Available data

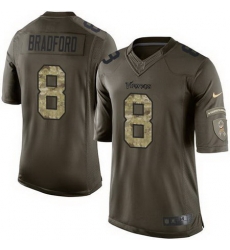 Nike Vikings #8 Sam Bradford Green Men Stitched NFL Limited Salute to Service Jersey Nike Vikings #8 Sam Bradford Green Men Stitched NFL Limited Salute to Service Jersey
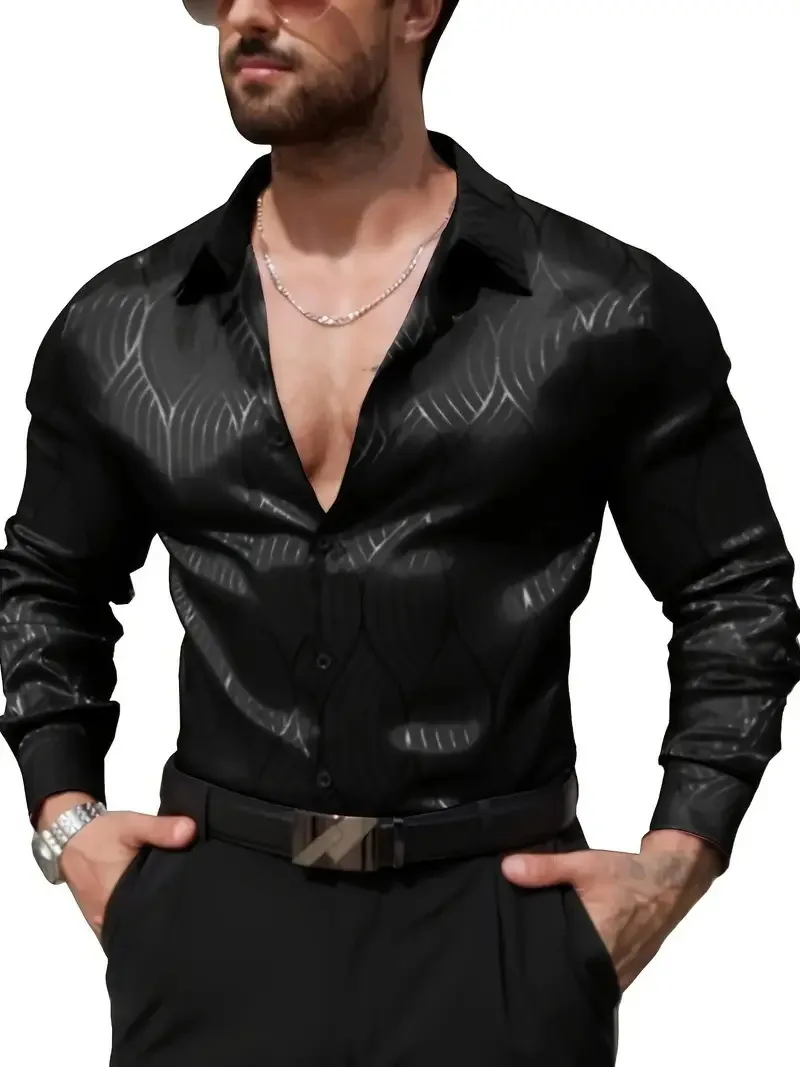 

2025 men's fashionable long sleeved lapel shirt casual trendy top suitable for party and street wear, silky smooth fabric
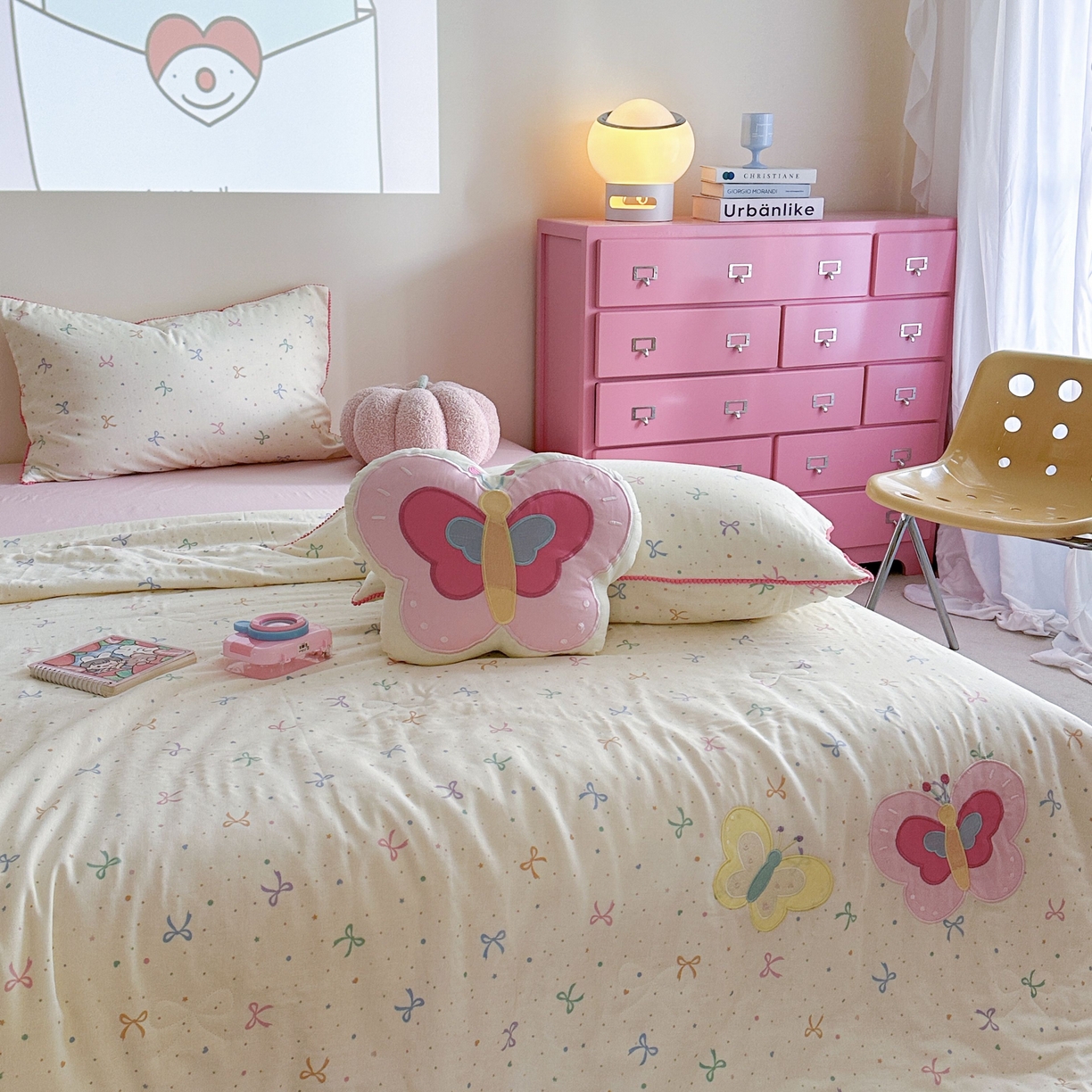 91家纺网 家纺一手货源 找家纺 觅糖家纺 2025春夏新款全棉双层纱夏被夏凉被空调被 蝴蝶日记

...

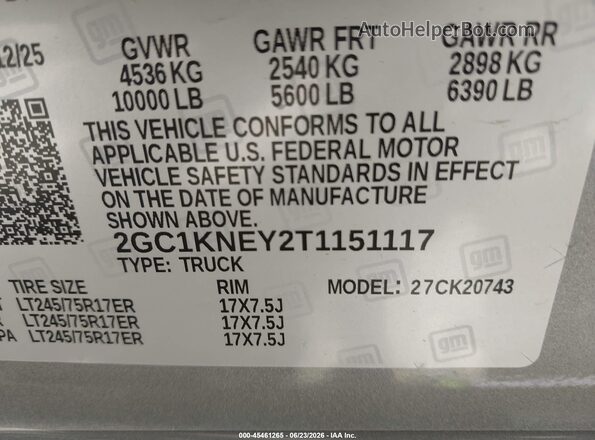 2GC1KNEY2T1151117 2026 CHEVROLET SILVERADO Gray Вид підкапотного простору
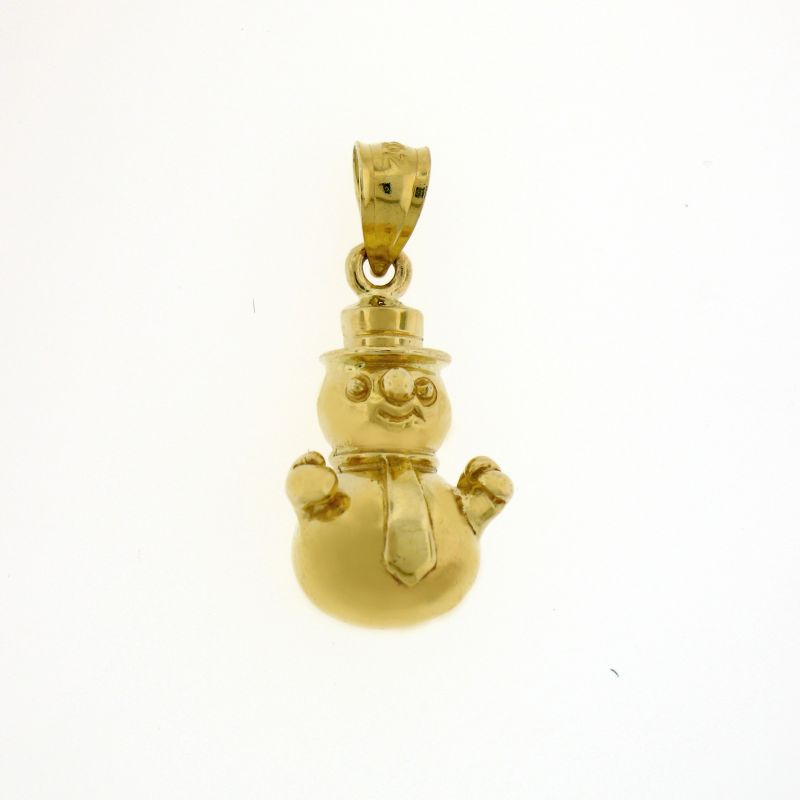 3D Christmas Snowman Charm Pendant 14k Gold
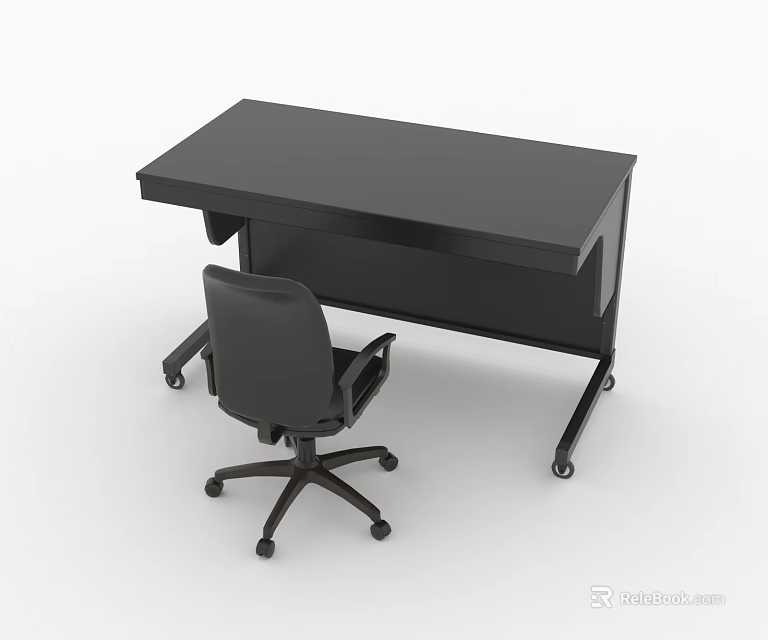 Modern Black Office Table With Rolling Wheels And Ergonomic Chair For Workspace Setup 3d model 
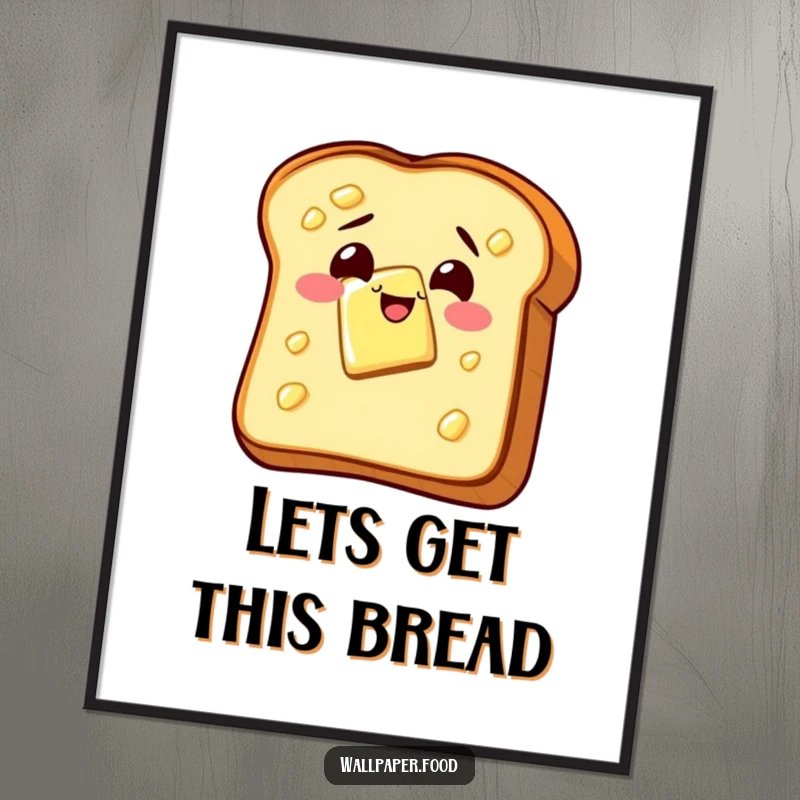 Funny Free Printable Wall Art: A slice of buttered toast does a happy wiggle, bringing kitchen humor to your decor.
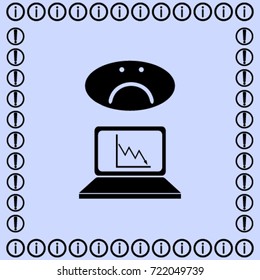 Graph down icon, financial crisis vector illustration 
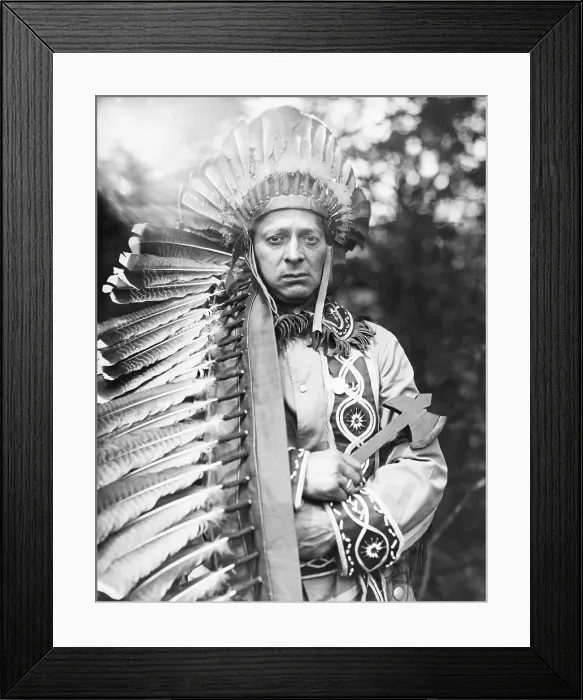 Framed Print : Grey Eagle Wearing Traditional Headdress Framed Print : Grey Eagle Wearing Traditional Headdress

* * *

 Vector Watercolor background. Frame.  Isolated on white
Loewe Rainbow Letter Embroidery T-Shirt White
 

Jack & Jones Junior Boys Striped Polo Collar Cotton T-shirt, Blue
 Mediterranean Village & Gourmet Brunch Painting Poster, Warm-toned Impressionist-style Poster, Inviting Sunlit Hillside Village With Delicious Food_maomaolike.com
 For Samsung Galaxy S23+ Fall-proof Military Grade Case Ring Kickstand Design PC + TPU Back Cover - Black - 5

What is needed
Among the entries above, the lines between the ones containing "Vector Watercolor background." and "For Samsung Galaxy", inclusive, are to be transcribed exactly. No other line is to be given.

The answer
 Vector Watercolor background. Frame.  Isolated on white
Loewe Rainbow Letter Embroidery T-Shirt White
 

Jack & Jones Junior Boys Striped Polo Collar Cotton T-shirt, Blue
 Mediterranean Village & Gourmet Brunch Painting Poster, Warm-toned Impressionist-style Poster, Inviting Sunlit Hillside Village With Delicious Food_maomaolike.com
 For Samsung Galaxy S23+ Fall-proof Military Grade Case Ring Kickstand Design PC + TPU Back Cover - Black - 5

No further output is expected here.